* [Exercise directions]
What lines of the data hold the string "Double"? Pull each one out.

* [Records shown]
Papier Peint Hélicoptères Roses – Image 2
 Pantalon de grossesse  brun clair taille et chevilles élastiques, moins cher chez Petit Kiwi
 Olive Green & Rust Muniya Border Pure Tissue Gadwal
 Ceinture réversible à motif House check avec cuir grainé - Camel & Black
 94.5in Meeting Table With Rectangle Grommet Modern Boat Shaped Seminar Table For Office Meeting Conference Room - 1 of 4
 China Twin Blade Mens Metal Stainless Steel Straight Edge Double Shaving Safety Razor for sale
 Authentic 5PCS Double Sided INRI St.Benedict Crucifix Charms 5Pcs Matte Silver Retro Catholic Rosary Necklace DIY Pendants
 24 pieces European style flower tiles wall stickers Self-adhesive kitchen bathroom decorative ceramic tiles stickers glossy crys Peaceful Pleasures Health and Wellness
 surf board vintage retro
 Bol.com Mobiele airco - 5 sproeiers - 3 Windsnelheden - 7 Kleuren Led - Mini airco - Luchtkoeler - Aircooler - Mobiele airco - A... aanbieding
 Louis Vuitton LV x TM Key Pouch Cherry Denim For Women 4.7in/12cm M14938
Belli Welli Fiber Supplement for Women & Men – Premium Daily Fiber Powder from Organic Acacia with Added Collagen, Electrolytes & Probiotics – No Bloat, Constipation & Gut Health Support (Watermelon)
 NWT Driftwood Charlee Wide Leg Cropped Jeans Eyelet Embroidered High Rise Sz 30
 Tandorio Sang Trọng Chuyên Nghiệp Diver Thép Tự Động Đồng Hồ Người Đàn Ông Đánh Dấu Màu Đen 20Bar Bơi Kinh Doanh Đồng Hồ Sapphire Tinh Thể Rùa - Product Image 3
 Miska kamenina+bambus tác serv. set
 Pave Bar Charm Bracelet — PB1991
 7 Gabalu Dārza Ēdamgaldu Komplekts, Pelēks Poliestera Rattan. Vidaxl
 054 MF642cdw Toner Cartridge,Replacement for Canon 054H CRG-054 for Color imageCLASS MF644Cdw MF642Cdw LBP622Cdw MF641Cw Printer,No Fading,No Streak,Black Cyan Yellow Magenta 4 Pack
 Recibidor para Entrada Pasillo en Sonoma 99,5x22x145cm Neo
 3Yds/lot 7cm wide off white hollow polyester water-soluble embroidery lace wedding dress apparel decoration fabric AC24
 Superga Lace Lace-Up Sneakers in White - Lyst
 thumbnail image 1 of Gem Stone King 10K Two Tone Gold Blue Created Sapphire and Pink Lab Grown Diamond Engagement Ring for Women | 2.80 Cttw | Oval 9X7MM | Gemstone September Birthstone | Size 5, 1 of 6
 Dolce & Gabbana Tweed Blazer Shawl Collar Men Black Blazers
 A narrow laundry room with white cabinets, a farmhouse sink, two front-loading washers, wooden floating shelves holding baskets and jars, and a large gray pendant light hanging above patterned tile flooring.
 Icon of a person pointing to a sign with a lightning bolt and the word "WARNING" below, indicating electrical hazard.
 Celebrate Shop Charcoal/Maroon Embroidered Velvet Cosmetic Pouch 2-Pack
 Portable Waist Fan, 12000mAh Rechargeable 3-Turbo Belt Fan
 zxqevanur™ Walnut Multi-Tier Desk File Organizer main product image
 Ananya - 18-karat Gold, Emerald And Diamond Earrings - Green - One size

* [Written solution]
 China Twin Blade Mens Metal Stainless Steel Straight Edge Double Shaving Safety Razor for sale
 Authentic 5PCS Double Sided INRI St.Benedict Crucifix Charms 5Pcs Matte Silver Retro Catholic Rosary Necklace DIY Pendants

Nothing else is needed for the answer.